Have you ever used the absurd to get the truth out of someone?  My mother was good at this; often she used the ridiculous in order to extract the truth.  I remember the time my brother Freddie pushed me off the roof of our house and I landed not on my head and not on my feet, and as I was laying there crying, mother ask, “Bobby, were you trying to fly?”  It took only seconds, for the ridiculous to turn into the truth of what Freddie had done to his sweet, little innocence brother.

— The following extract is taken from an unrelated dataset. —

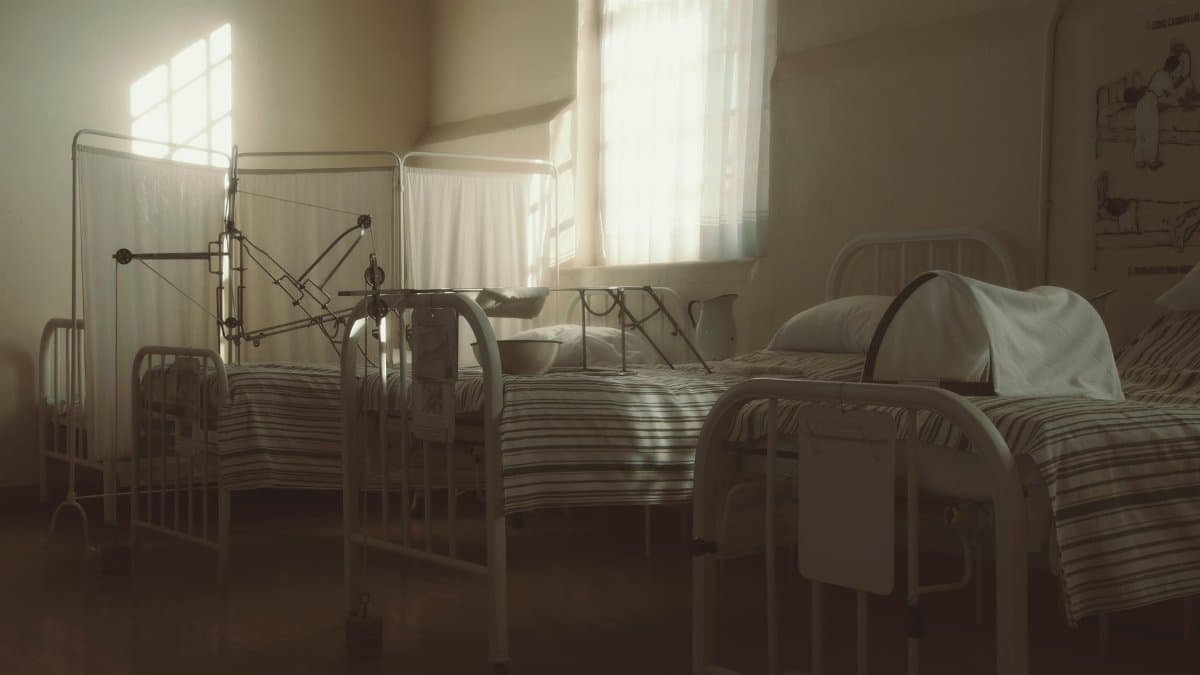 Dimly lit vintage hospital room featuring empty beds and medical equipment, creating a nostalgic atmosphere.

Joseph knew that his brothers were not spies, so why did he use this preposterous indictment on his brothers?  He did it for the same reason my mother did, he wanted the truth, he wanted to know how his family was, and especially, how his younger brother Benjamin was doing.  Had they also got rid of Benjamin?  Picking up the story in verse thirteen, “And they said, “We your servants, are twelve brothers, the sons of one man in the land of Canaan, and behold, the youngest is this day with our father, and one is no more.”  Joseph had the information he wanted, and yet he still called them spies, and he locked them up for three days, while he came up with a plan to get food to his father’s family and also to teach his brothers a lesson that would be passed on till this day.

After the three days, Joseph told them that one of them would be confined while the others took food back to the family, but if they returned without the younger brother he would die.  Now all of this time Joseph has used a translator and his brothers had no clue that he could understand what they were saying.  So the brothers agreed to the terms, and then what had been not said for thirteen years came out; “They said to one another, “In truth we are guilty concerning our brother, in that we saw the distress of his soul, when he begged us and we did not listen.  That is why this distress has come upon us.”  And Reuben answered them, “Did I not tell you not to sin against the boy?  But you did not listen.  So now there comes a reckoning for his blood.”  Now this was too much for Joseph and he turned away and wept, and when he returned he took Simon from them and bound him before their eyes.

Never has it been more profound, that a man’s ways will find him out, or we will reap what we sow; Joseph’s brother have a long trip home to remember the cries of their seventeen year old brother Joseph, and how jealousy and hate had caused them to plot to kill him, and then to sell him as a slave.